Texto: Octavi Martí en El País Semanal.
Mundo asexuado
El sexo, en los humanos, es metáfora. Nada en el animal hablante escapa a eso. Y no hay veto que pueda atenuarlo
Alguien muy perverso o muy ignorante –lo más probable, ambas cosas– ha dado orden de prohibir, como “sexista”, una foto publicitaria de los modistos Dolce & Gabanna. Hablando en un castellano propio y esquivando jergas analfabetas, se trata, sin duda alguna, de una foto de evocación sexual inequívoca. Y universal, si bien consideramos la inmediata celeridad con la cual ha respondido la censura. Igual de inequívocas son las evocaciones sexuales de, quedándome muy corto, las dos terceras partes de la pintura barroca exhibida en el Museo del Prado, como de la exhibida en cualquier otro gran museo del mundo. Una básica creencia en la universal aplicación equitativa de la ley me hace estar convencido de que idéntico criterio les va a ser aplicado: la transparente zoofilia de las diversas versiones del encuentro de Leda y el cisne, la brutal vejación de los no pocos raptos de sabinas, los onanistas espejos de viejos y susanas, que son parte irrenunciable del arsenal iconográfico renacentista y barroco, en nada resultan menos agresivos que la, más que estática extática, representación de un fetiche femenino anclado en tierra por otros o cuatro fetiches masculinos, bellos como fantasmales figuras de cera todos, e irreales, en la censurada imagen de moda publicitaria. No vale decir que unos son arte y no la otra. El arte aquí no pinta nada. Si algo incita al delito, su mayor perfección plástica no haría sino incrementar su riesgo. La ley pesa igual sobre Rembrandt y sobre el pintamonas de paisaje dominguero o de sex-shop urbano. O sobre el éxtasis berniniano, que sobrecoge en la penumbra de cierta iglesia de Roma. O sobre la orfebrería verbal del libro más vendido de la historia de la literatura francesa, al cual, bajo ingenioso pseudónimo, diera textura la tan grave Dominique Aury.

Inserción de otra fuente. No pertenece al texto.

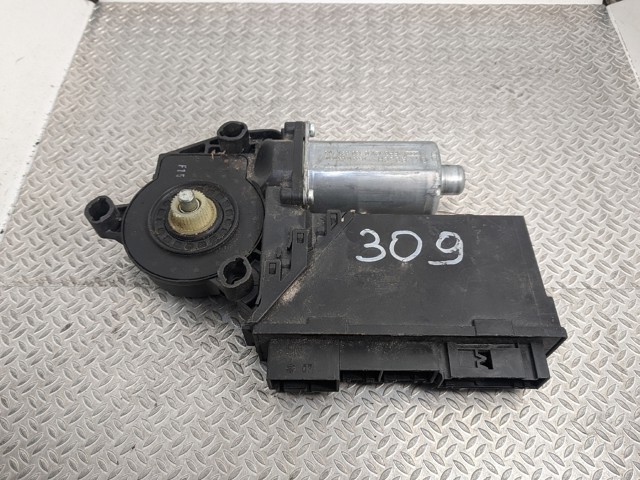 Мотор стеклоподъемника двери передней, правой 7L0959701R VAG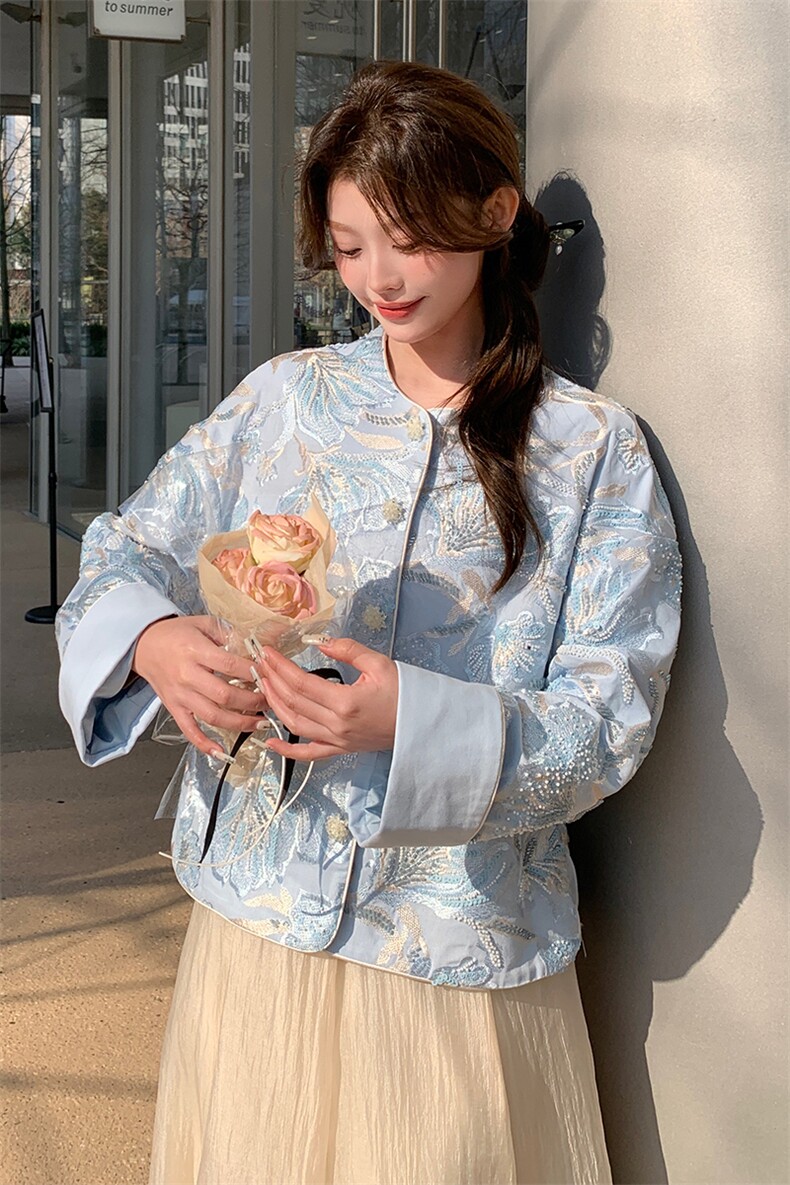 璀璨刺绣短外套女重工钉珠上衣2025春季新款轻奢风拼接别致夹克衫,女装短外套,浙宝208A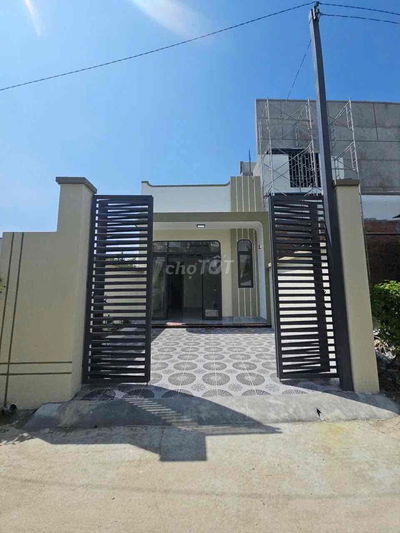 Nhà cấp 4 mới hoàn thiện ngang 4 sâu 15 giao Nguyễn Văn Bứa Hóc Môn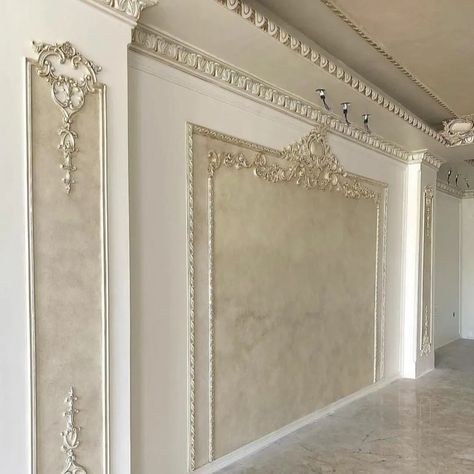 Wall Molding Design Modern, Classic Interior Design Living Room, Dolly House, Wall Panel Molding, Painting Textured Walls, Corridor Design, House Wall Design, Luxury Living Room Decor, Pop False Ceiling Design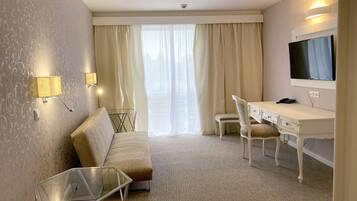 Standard Suite | Living area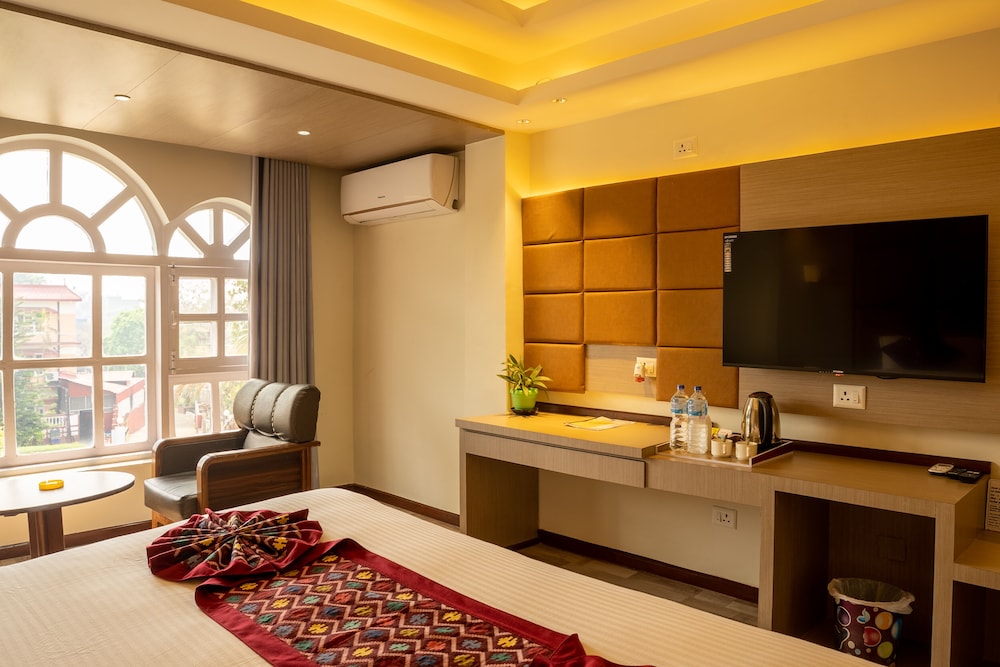 Semi Suite photo 1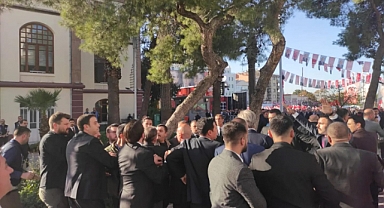 Bahçeli'nin Manisa Mitinginde AKP'li Vekillerle MHP'liler Arasında Arbede
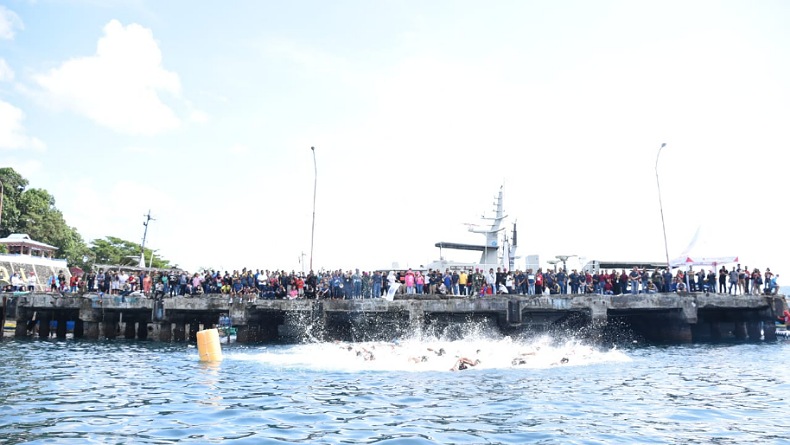 Meriahkan FPSL Bitung, 102 Perenang Finswimming Berlomba Rebutkan Piala Danlantamal VIII 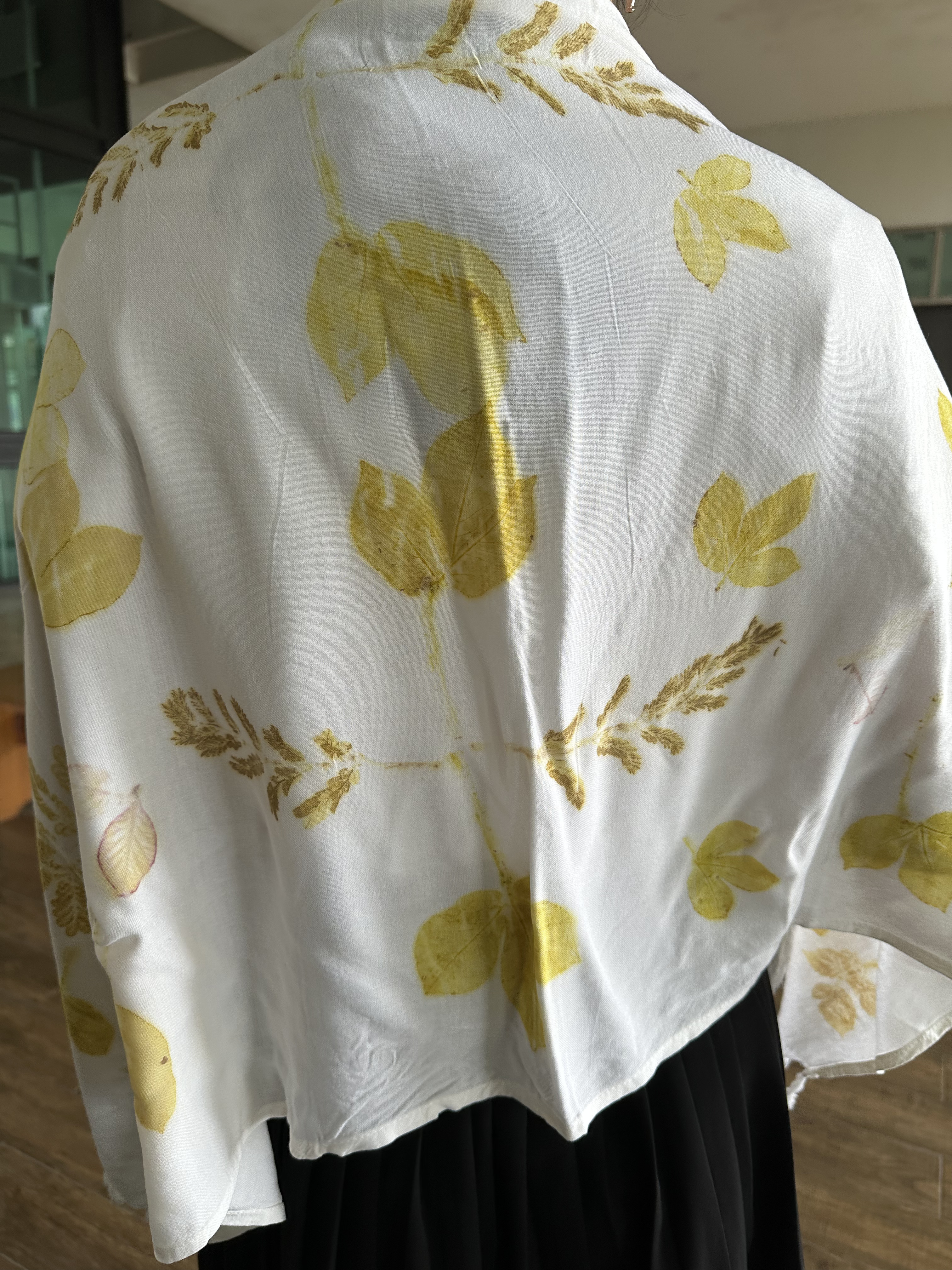 ผ้าพันคอบาติก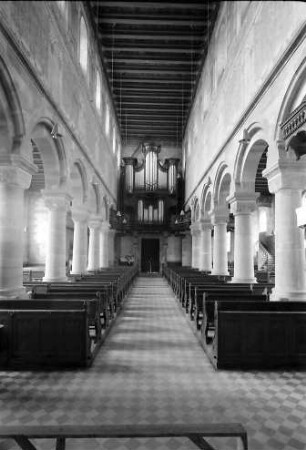 Schwarzach: Romanische Kirche; Längsschiff gegen die Orgel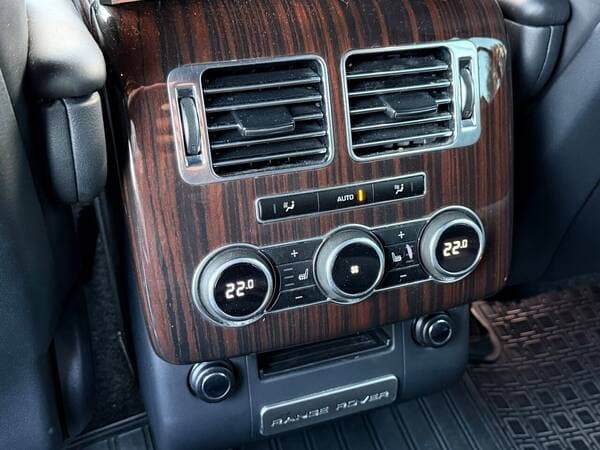 2014 Land Rover Range Rover Vogue — Miniatură 21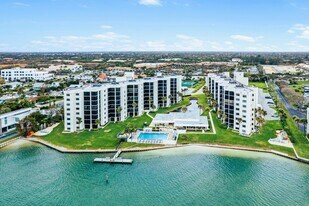 19800 Sandpointe Bay Dr in Tequesta, FL - Building Photo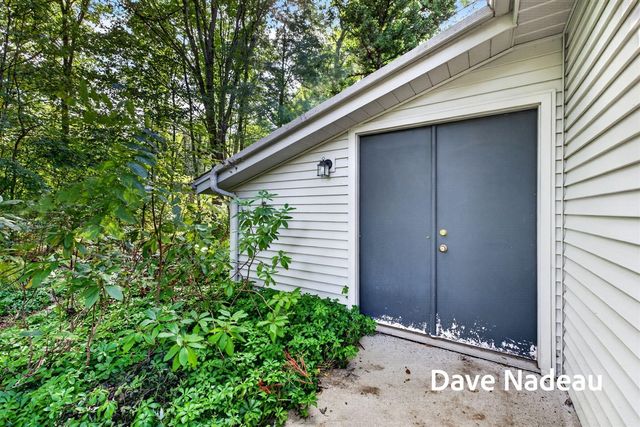 4376 64th Street, Holland, MI 49423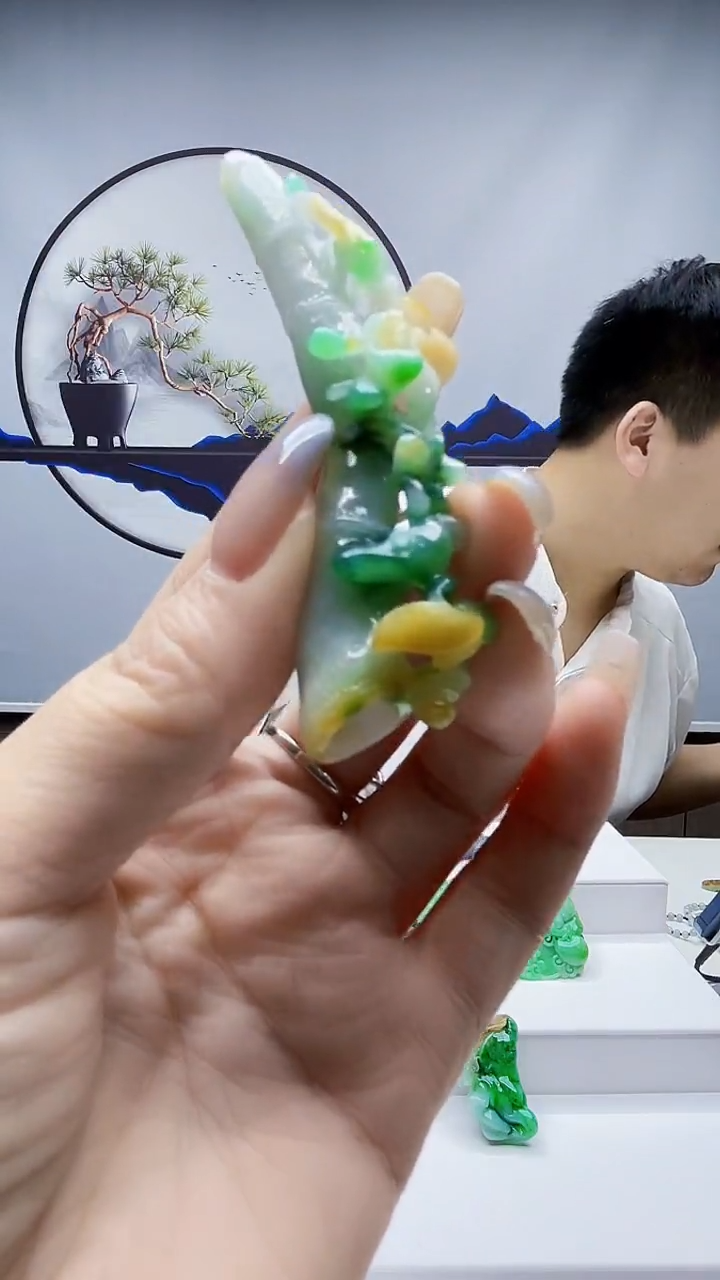 未镶嵌定制翡翠毛货-挂件68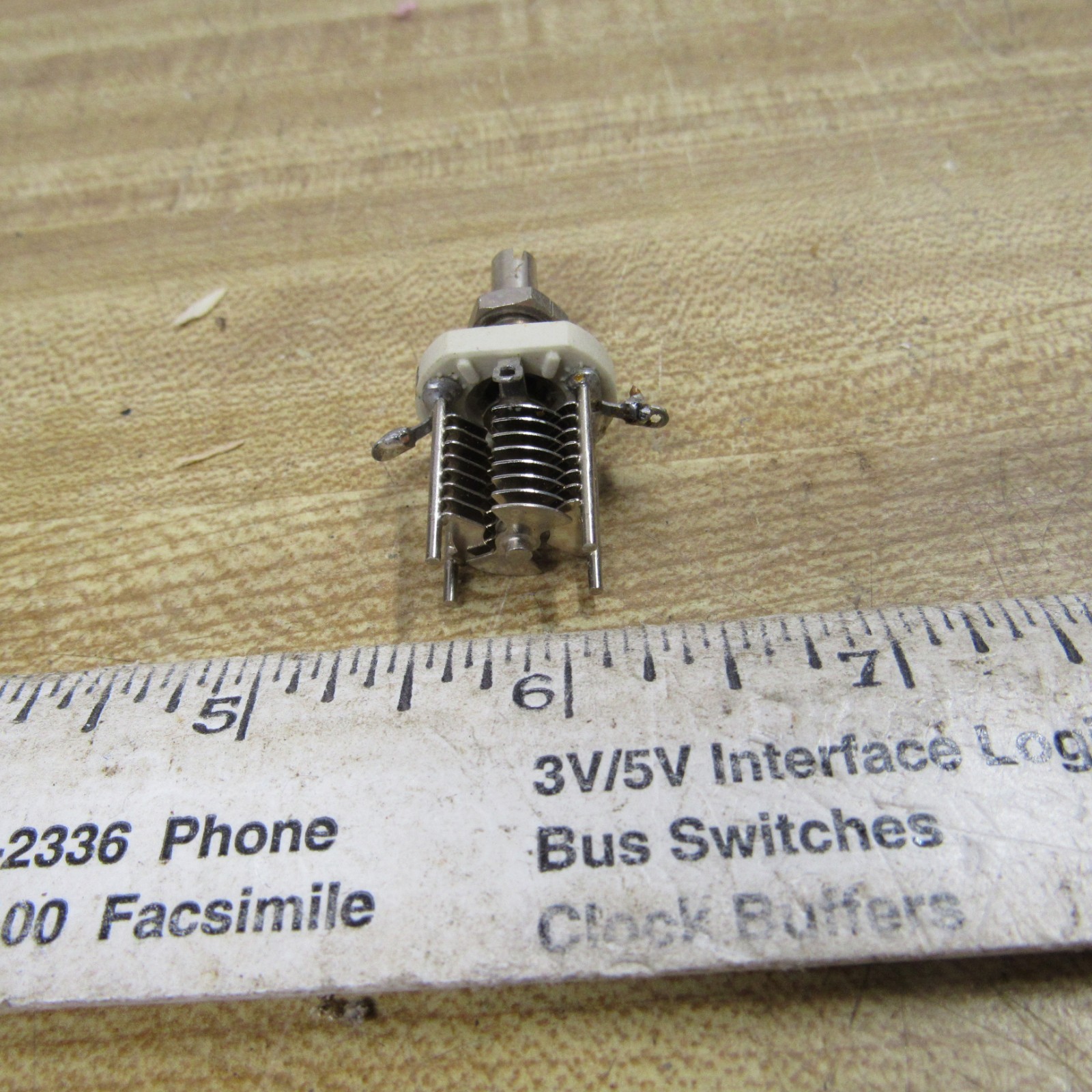 VARIABLE CAPACITOR BUTTERFLY 8 pF 2.2 to 8 pF JOHNSON 160-208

Existe el sexo sólo en sus metáforas. A la versión bien construida de las cuales, llamamos arte. A la menos bien elaborada, pornografía. Los criterios estéticos, para fijar entre ambas fronteras claras, son siempre muy problemáticos: “El origen del mundo” de Courbet fue una guarrada pornográfica, de encargo y clandestina, antes de ser la joya absoluta del Museo de Orsay, así que pasara un siglo. Los criterios de distinción moral no distinguen entre ambas: iguales, a ese efecto, son el cuadro de Courbet y las toscas fotos obscenas que, sabemos, le sirvieron de modelo. Esa metaforización llamada sexo distingue al animal hablante del resto de los bichos que copulan y se reproducen. Sin la asombrosa capacidad de desplazarlo hacia las formas más elaboradas de la obra literaria o plástica, la vida de los hombres oscilaría siempre a un milímetro del infierno. Pero no sólo el arte tiene sexo. Nada en las múltiples artesanías de los hombres es ajeno a sus, a veces simples, a veces enmarañadísimas, metáforas. La publicidad es menos que ninguna ajena a ellas. Así funciona el deseo de los hablantes. Y eso nos salva de transitar sin mediación de sexo a muerte. Eso convierte en liturgia lo imposible. Seríamos sólo bestias sin este elemental refinamiento.
Sociedad asexuada es sinónimo de barbarie.